The Digital Asset Market Clarity Act of 2025 (H.R. 3633) stalled in the U.S. Senate after leaders postponed a planned markup on Jan. 15, following intense industry pushback and late changes to the bill.

Senators released an amended draft on Jan. 12, but the planned Jan. 15 markup was pushed back after major stakeholders, led by Coinbase, withdrew support. Coinbase’s CEO signalled the revised text had “critical flaws,” a move that undercut bipartisan momentum and intensified scrutiny of provisions that shift authority between the SEC and the CFTC.

The Senate draft prohibits direct interest payments on stablecoins while allowing activity-based rewards, a distinction that opponents warn would eliminate a material revenue stream for crypto firms and invite pushback from the banking lobby.
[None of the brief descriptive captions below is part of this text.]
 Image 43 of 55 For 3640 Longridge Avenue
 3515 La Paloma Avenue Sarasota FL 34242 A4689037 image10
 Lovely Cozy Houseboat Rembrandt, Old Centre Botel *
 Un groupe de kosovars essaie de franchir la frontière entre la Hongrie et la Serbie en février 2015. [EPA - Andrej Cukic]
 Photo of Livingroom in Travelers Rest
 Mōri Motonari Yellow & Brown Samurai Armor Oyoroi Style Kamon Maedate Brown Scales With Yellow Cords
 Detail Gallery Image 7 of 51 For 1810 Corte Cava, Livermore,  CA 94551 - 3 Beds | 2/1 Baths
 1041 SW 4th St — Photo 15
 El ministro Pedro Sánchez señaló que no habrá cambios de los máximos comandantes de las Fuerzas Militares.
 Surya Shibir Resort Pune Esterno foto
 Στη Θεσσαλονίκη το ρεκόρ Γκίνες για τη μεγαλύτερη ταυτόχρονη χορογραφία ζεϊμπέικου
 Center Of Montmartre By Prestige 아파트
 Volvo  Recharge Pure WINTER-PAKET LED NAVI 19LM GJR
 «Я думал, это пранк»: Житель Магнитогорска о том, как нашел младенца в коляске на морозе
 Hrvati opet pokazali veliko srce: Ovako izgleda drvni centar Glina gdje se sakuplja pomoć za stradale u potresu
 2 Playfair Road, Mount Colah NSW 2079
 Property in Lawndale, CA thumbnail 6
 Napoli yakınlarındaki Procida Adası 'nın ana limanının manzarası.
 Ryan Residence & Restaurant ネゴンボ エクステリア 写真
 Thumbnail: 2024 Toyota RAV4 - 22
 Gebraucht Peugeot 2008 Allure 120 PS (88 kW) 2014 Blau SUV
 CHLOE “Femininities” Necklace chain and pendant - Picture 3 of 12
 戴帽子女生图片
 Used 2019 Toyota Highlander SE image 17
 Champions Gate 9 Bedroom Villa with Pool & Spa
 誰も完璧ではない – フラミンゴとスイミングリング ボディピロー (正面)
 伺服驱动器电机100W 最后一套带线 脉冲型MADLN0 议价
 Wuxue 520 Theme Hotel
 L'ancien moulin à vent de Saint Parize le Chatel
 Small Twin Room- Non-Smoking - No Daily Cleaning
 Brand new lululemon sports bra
The Treasury has estimated up to $6.6 trillion in bank deposits could be at risk if third-party yield inducements persist, a figure cited repeatedly in debates over the bill’s stablecoin language.

Lawmakers and industry sources also clashed over DeFi oversight and data access: critics warned the draft could expand government reach into decentralized protocol data by folding certain protocols into Bank Secrecy Act and AML regimes. Ethics provisions — including rules on public officials holding or profiting from crypto assets — added a further layer of dispute.

Market reaction and regulatory friction

The delay produced immediate market ripples. U.S.-focused digital-asset funds posted their first weekly outflows in a month, totaling $952 million, and public crypto firms suffered share-price declines: Coinbase fell about 6.5% and Robinhood nearly 8% after the Senate postponed the vote. Those moves reflected investor concern that the legislative window for comprehensive clarity may narrow further in 2026.

Fundamental differences remain between the House-passed CLARITY Act (July 2025) and the Senate Banking Committee draft. The House broadly classified major tokens as “digital commodities” under CFTC oversight and included explicit protections for self-custody.

The Senate draft uses alternate terms and decentralization tests that could tilt primary enforcement toward the SEC, creating definitional ambiguity that complicates compliance design for product teams and custodians.

Lynn Turner, a former SEC chief accountant, warned the bill in its current form “could precipitate future market instability,” a concern echoed by state regulators and the North American Securities Administrators Association, which flagged inconsistent asset definitions and investor-protection gaps.

Senate leaders have not secured the votes to advance the bill, and the Senate Agriculture Committee has pushed its own markup into the last week of January 2026, which will shape the reconciliation process with the House-passed text. Investors and compliance teams should monitor upcoming amendments on stablecoin yield rules and the tests for decentralization — those changes will determine costs, access and licensing requirements for exchanges, funds and custody providers.